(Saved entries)
********

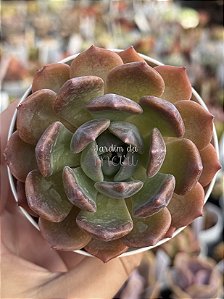 Echeveria belle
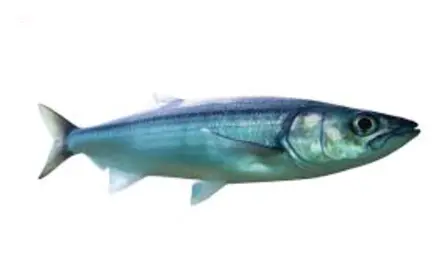 Bla bla bla ble ble ble blu blu blu bla bla bla ble ble blu blu blu Bla bla bla ble ble ble blu blu blu bla bla bla ble ble blu blu blu Bla bla bla ble ble ble blu blu blu bla bla bla ble ble blu blu blu Bla bla bla ble ble ble blu blu blu bla bla bla ble ble blu blu blu Bla bla bla ble ble ble blu blu blu bla bla bla ble ble blu blu blu Bla bla bla ble ble ble blu blu blu bla bla bla ble ble blu blu blu Bla bla bla ble ble ble blu blu blu bla bla bla ble ble blu blu blu Bla bla bla ble ble ble blu blu blu bla bla bla ble ble blu blu blu Bla bla bla ble ble ble blu blu blu bla bla bla ble ble blu blu blu Bla bla bla ble ble ble blu blu blu bla bla bla ble ble blu blu blu Bla bla bla ble ble ble blu blu blu bla bla bla ble ble blu blu blu Bla bla bla ble ble ble blu blu blu bla bla bla ble ble blu blu blu Bla bla bla ble ble ble blu blu blu bla bla bla ble ble blu blu blu Bla bla bla ble ble ble blu blu blu bla bla bla ble ble blu blu blu Bla bla bla ble ble ble blu blu blu bla bla bla ble ble blu blu blu Bla bla bla ble ble ble blu blu blu bla bla bla ble ble blu blu blu Bla bla bla ble ble ble blu blu blu bla bla bla ble ble blu blu blu Bla bla bla ble ble ble blu blu blu bla bla bla ble ble blu blu blu Bla bla bla ble ble ble blu blu blu bla bla bla ble ble blu blu blu Bla bla bla ble ble ble blu blu blu bla bla bla ble ble blu blu blu Bla bla bla ble ble ble blu blu blu bla bla bla ble ble blu blu blu Bla bla bla ble ble ble blu blu blu bla bla bla ble ble blu blu blu Bla bla bla ble ble ble blu blu blu bla bla bla ble ble blu blu blu Bla bla bla ble ble ble blu blu blu bla bla bla ble ble blu blu blu Bla bla bla ble ble ble blu blu blu bla bla bla ble ble blu blu blu Bla bla bla ble ble ble blu blu blu bla bla bla ble ble blu blu blu Bla bla bla ble ble ble blu blu blu bla bla bla ble ble blu blu blu Bla bla bla ble ble ble blu blu blu bla bla bla ble ble blu blu blu Bla bla bla ble ble ble blu blu blu bla bla bla ble ble blu blu blu Bla bla bla ble ble ble blu blu blu bla bla bla ble ble blu blu blu Bla bla bla ble ble ble blu blu blu bla bla bla ble ble blu blu blu Bla bla bla ble ble ble blu blu blu bla bla bla ble ble blu blu blu Bla bla bla ble ble ble blu blu blu bla bla bla ble ble blu blu blu Bla bla bla ble ble ble blu blu blu bla bla bla ble ble blu blu blu Bla bla bla ble ble ble blu blu blu bla bla bla ble ble blu blu blu Bla bla bla ble ble ble blu blu blu bla bla bla ble ble blu blu blu Bla bla bla ble ble ble blu blu blu bla bla bla ble ble blu blu blu Bla bla bla ble ble ble blu blu blu bla bla bla ble ble blu blu blu Bla bla bla ble ble ble blu blu blu bla bla bla ble ble blu blu blu Bla bla bla ble ble ble blu blu blu bla bla bla ble ble blu blu blu Bla bla bla ble ble ble blu blu blu bla bla bla ble ble blu blu blu Bla bla bla ble ble ble blu blu blu bla bla bla ble ble blu blu blu Bla bla bla ble ble ble blu blu blu bla bla bla ble ble blu blu blu Bla bla bla ble ble ble blu blu blu bla bla bla ble ble blu blu blu Bla bla bla ble ble ble blu blu blu bla bla bla ble ble blu blu blu Bla bla bla ble ble ble blu blu blu bla bla bla ble ble blu blu blu Bla bla bla ble ble ble blu blu blu bla bla bla ble ble blu blu blu Bla bla bla ble ble ble blu blu blu bla bla bla ble ble blu blu blu Bla bla bla ble ble ble blu blu blu bla bla bla ble ble blu blu blu Bla bla bla ble ble ble blu blu blu bla bla bla ble ble blu blu blu Bla bla bla ble ble ble blu blu blu bla bla bla ble ble blu blu blu Bla bla bla ble ble ble blu blu blu bla bla bla ble ble blu blu blu Bla bla bla ble ble ble blu blu blu bla bla bla ble ble blu blu blu Bla bla bla ble ble ble blu blu blu bla bla bla ble ble blu blu blu Bla bla bla ble ble ble blu blu blu bla bla bla ble ble blu blu blu Bla bla bla ble ble ble blu blu blu bla bla bla ble ble blu blu blu Bla bla bla ble ble ble blu blu blu bla bla bla ble ble blu blu blu Bla bla bla ble ble ble blu blu blu bla bla bla ble ble blu blu blu Bla bla bla ble ble ble blu blu blu bla bla bla ble ble 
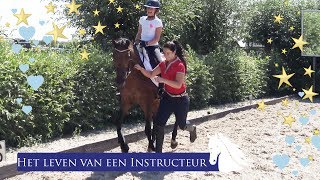 7 Type leerlingen met Daniëlle van Mierlo  Hart voor Paarden [upl. by Essile]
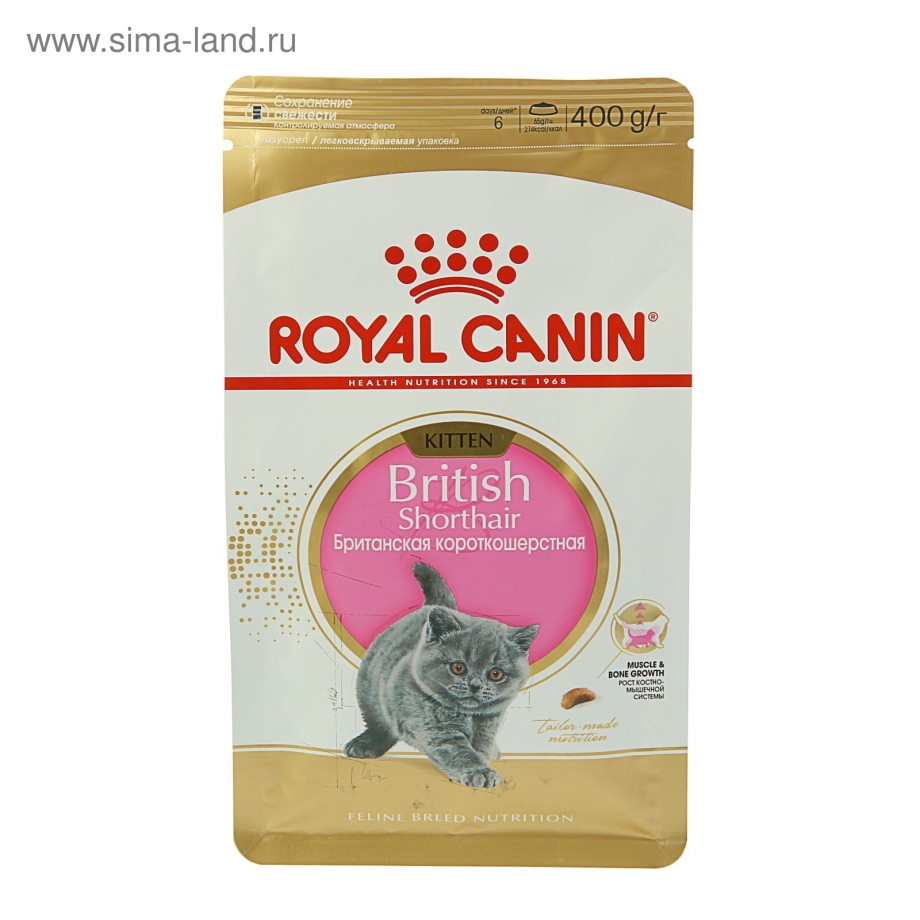 Royal Canin для котят Мейн-кун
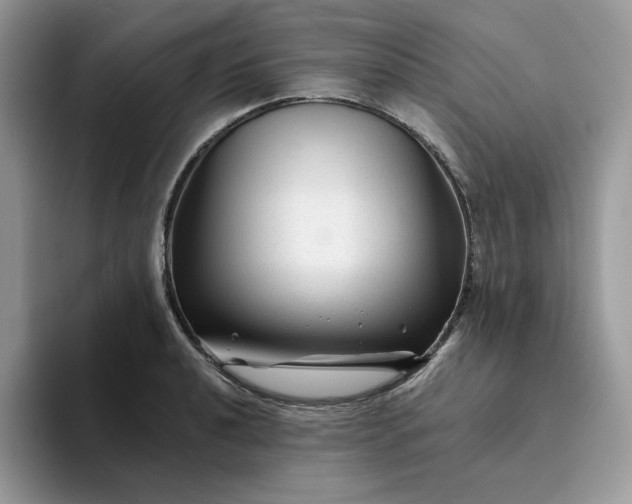 X0000094191040200711091157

********

Task statement: Could you return exactly the lines starting with the one that contains "7 Type leerlingen" and ending with the last line of the data above? Leave the pictures out.

Written response:
 7 Type leerlingen met Daniëlle van Mierlo  Hart voor Paarden [upl. by Essile]
 Royal Canin для котят Мейн-кун
 X0000094191040200711091157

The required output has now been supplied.